Data excerpt:
● ● ●
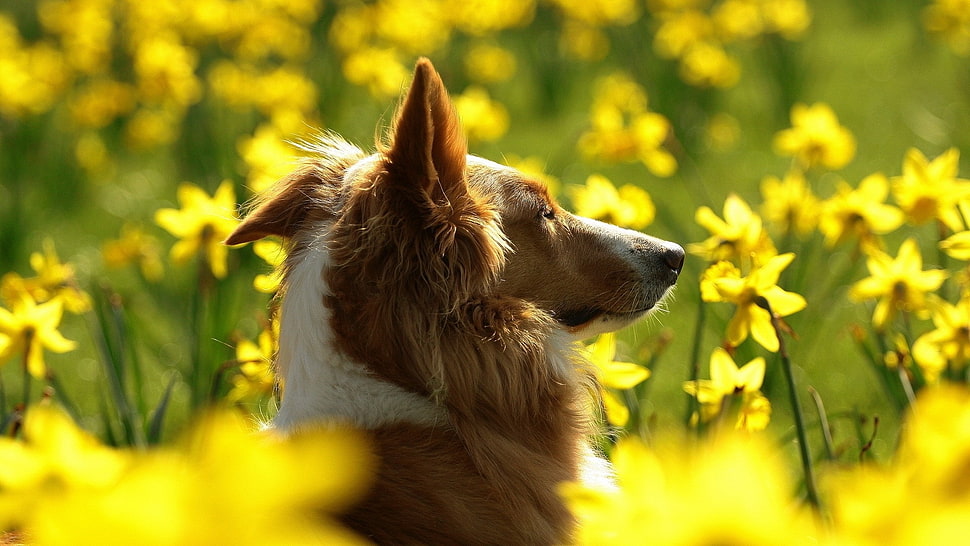 closeup photography of brown and white dog on bed of yellow petaled flowers HD wallpaper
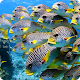 Flock of Colorful Fish Live WP APK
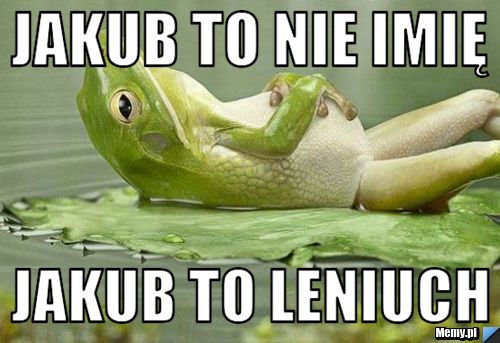 Jakub to nie imię jakub to leniuch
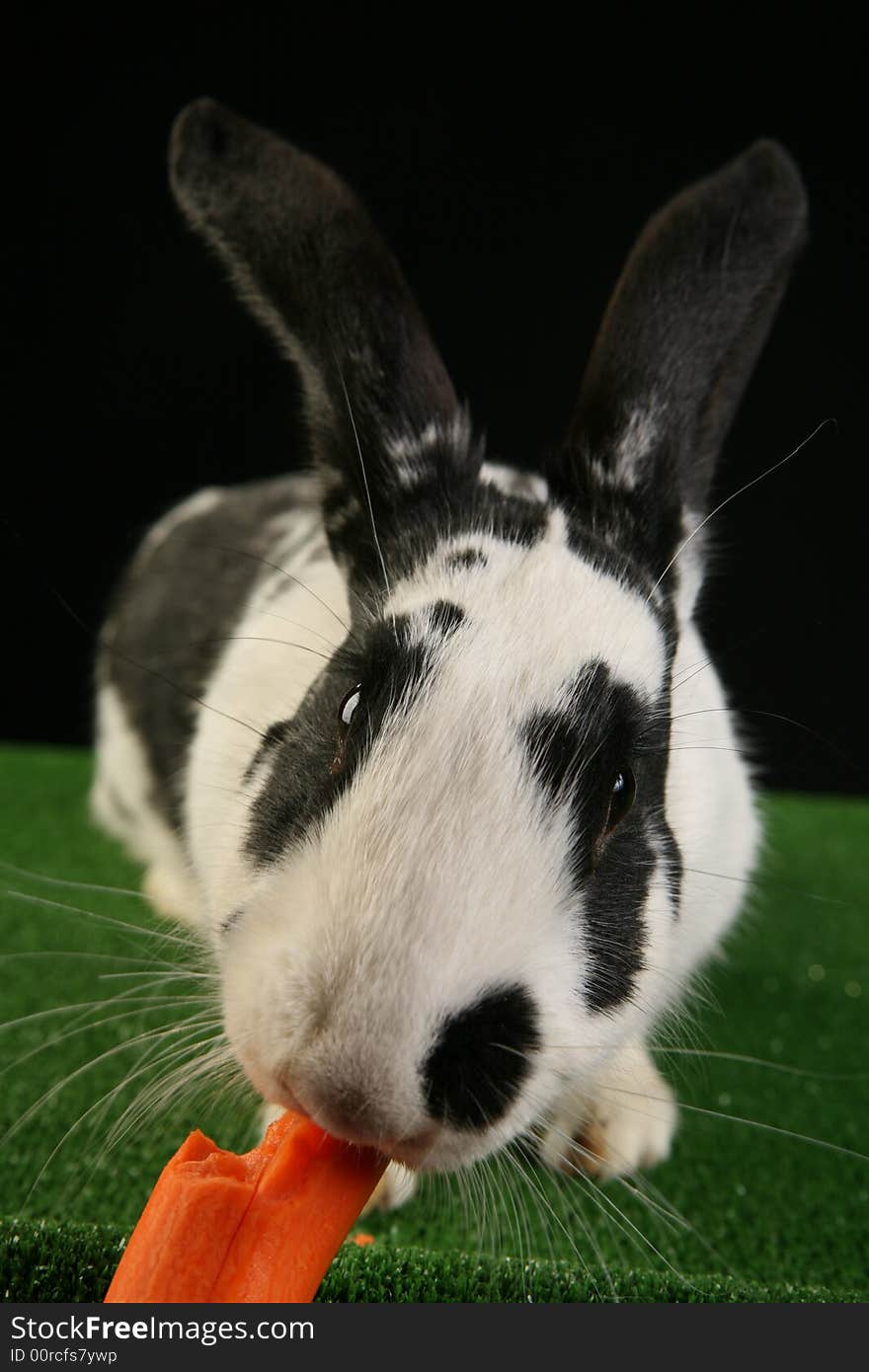 Studio shot of rabbit eating carrot on green grass imitating carpet and black background. Wide angle lens used. Studio shot of rabbit eating carrot on green grass imitating carpet and black background. Wide angle lens used.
● ● ●
Exact repetition of the data is needed, with no images retained.

 closeup photography of brown and white dog on bed of yellow petaled flowers HD wallpaper
 Flock of Colorful Fish Live WP APK
 Jakub to nie imię jakub to leniuch
 Studio shot of rabbit eating carrot on green grass imitating carpet and black background. Wide angle lens used. Studio shot of rabbit eating carrot on green grass imitating carpet and black background. Wide angle lens used.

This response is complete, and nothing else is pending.